The Consulate General of Turkey presents:

Zeugma: The Results of New Archaeological Research

Kutalmiş Görkay
Director of Excavations at Zeugma
Alexander von Humboldt Scholar and Visiting Fellow in Wolfson College in the University of Oxford

Monday
May 14, 2018
7:00–9:00 PM
Breasted Hall of the Oriental Institute
Reception to follow in the Edgar and Deborah Jannotta Mesopotamian Gallery

Situated in south-eastern Turkey, Zeugma, literally "bridge" or "crossing" in ancient Greek, owes its name to the fact that it was located at a major ancient crossing on the river Euphrates. It was thus at the physical intersection of the major east-west trade route and the north-south route along the river. Zeugma actually refers to the twin cities on opposing banks of the river.
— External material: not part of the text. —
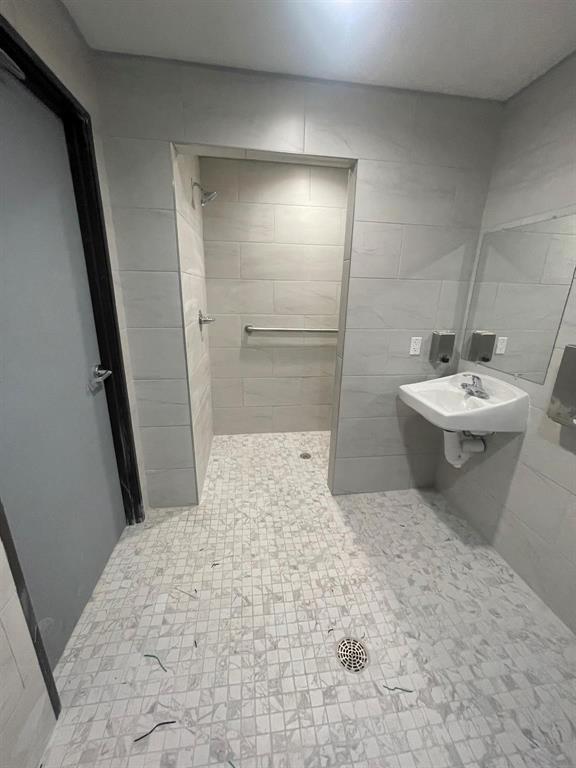 Prime Office Warehouses Lewisv - Commercial Sale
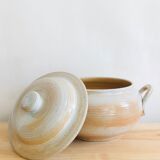 Vintage soup kitchen in Grès du Marais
They were Hellenistic settlements established by commander Seleucus Nicator around 300 BC. The settlement on the west bank was named Seleucia, in his honor, and the settlment on the east bank was called Apamea, after his Persian wife Apama. Seleucia became the major eastern frontier city of the Roman Imperial period. With its geopolitically significant location, the site is an important research ground for scholars, interested in the hybridised local cultures that were formed by an influx of Greco-Macedonians and Romans to the region. Apart from a Semitic population, the inhabitants of the city included Greco-Macedonian migrants brought to the city by Seleucus, merchants from various regions, high ranking Roman soldiers whose numbers increased when the city was annexed into the Roman Empire, and also Roman citizens, legionaries and civil servants. In consequence, Zeugma is home to archaeological remains that reflect the complicated, sometimes ambiguous, yet extremely varied character of the ethnicities which mingled within the city to form new syntheses. The lecture will give a general overview about the archaeological project there and focuses on results of these new archaeological researches conducted in the city since 2005.